** Source material follows **

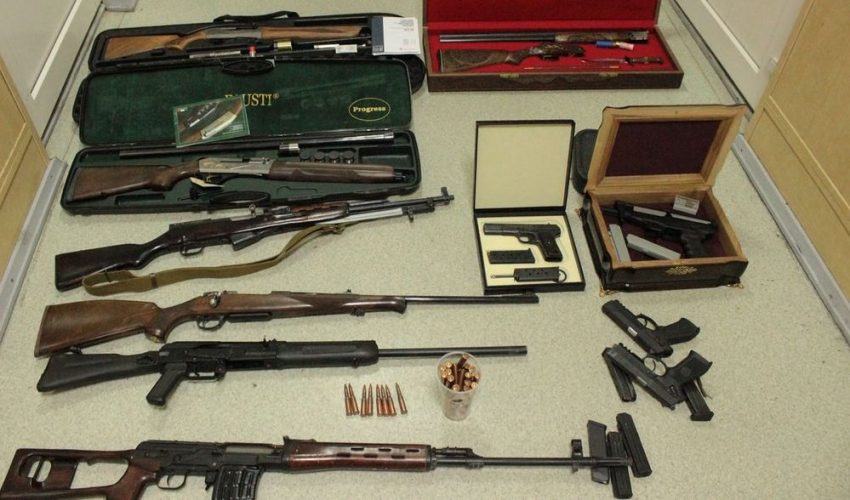 Образцы оружия, изъятые в доме А.Атамбаева, после его ареста. И это не считая арсенала, изъятого у плененных спецназовцев…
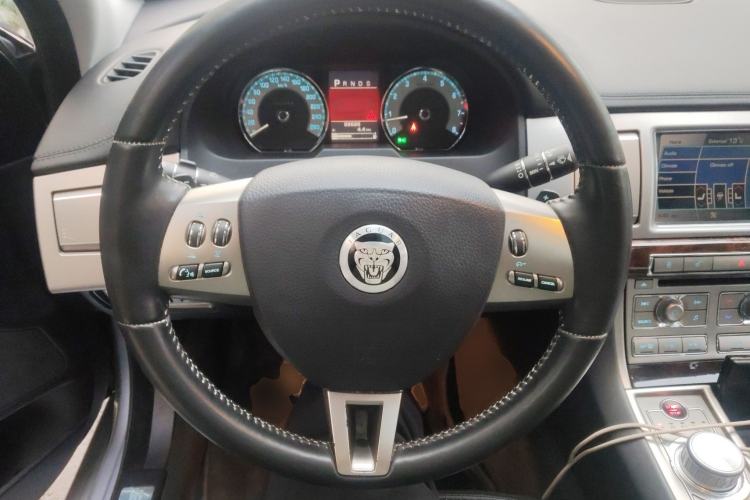 Used Jaguar XF 2012 XF 3.0L V6 Luxury Edition Steering Wheel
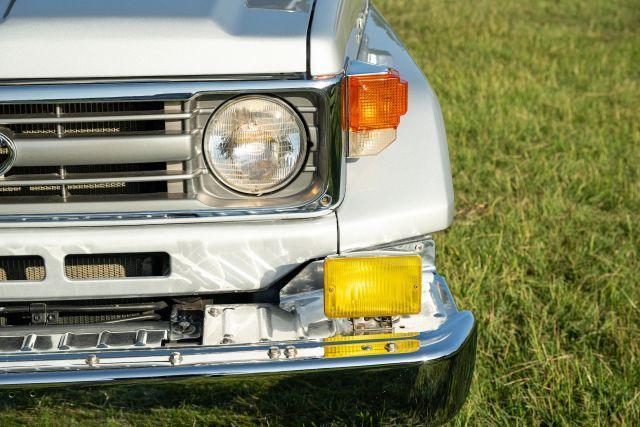 Photo of 1994 Silver Toyota Land Cruiser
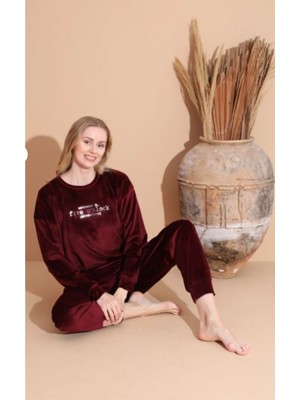 Meri Kadın Bordo Uzun Kollu Sıfır Yakalı Düz Renk Kadife Baskılı Pijama Takımı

** End of Source material **

Exercise instructions:
Omitting all images, print the listing exactly.

Reply to the task:
 Образцы оружия, изъятые в доме А.Атамбаева, после его ареста. И это не считая арсенала, изъятого у плененных спецназовцев…
 Used Jaguar XF 2012 XF 3.0L V6 Luxury Edition Steering Wheel
 Photo of 1994 Silver Toyota Land Cruiser
 Meri Kadın Bordo Uzun Kollu Sıfır Yakalı Düz Renk Kadife Baskılı Pijama Takımı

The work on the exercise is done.